## [YOUR INSTRUCTIONS]
I'd ask you to write out the lines below exactly, with no images.

## [COLLECTED DATA]
───

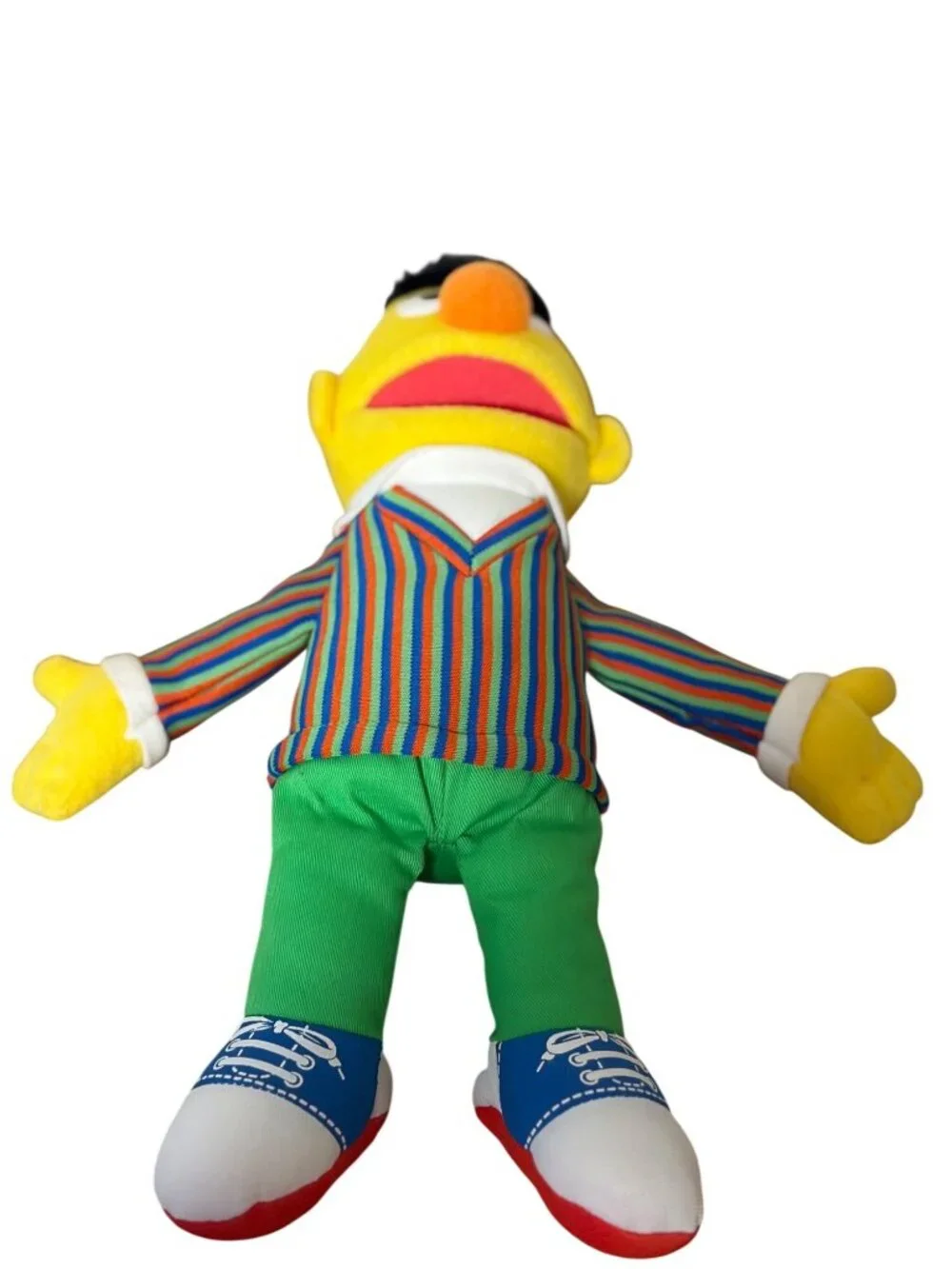 Gund Bert Plush Stuffed Animal Doll Toy Sesame Street 14.5 in tall 2011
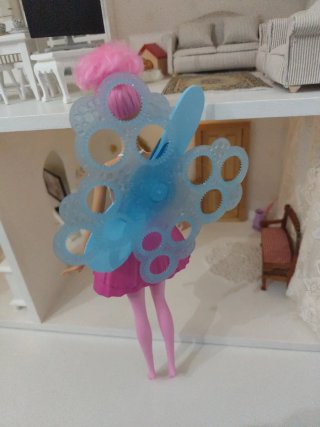 Barbie Fata delle Bolle Magiche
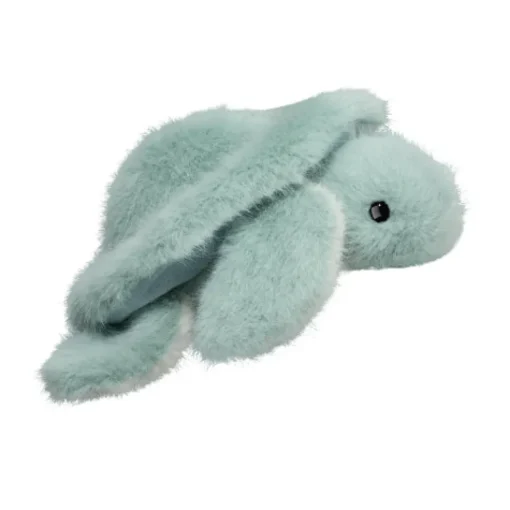 Douglas® Lil' Baby - Aqua Turtle 6"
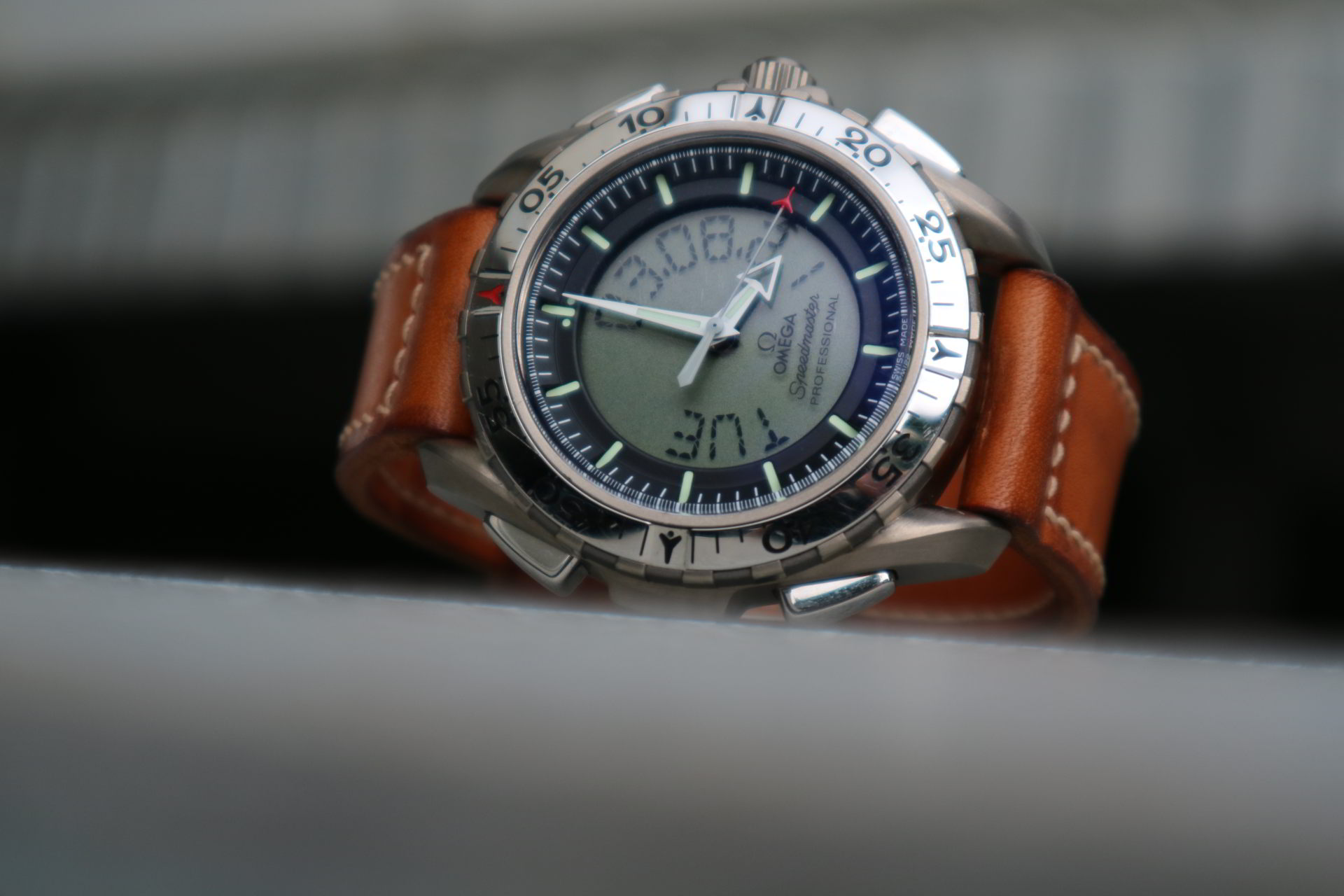 Omega Speedmaster X-33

───

## [WRITTEN SOLUTION]
 Gund Bert Plush Stuffed Animal Doll Toy Sesame Street 14.5 in tall 2011
 Barbie Fata delle Bolle Magiche
 Douglas® Lil' Baby - Aqua Turtle 6"
 Omega Speedmaster X-33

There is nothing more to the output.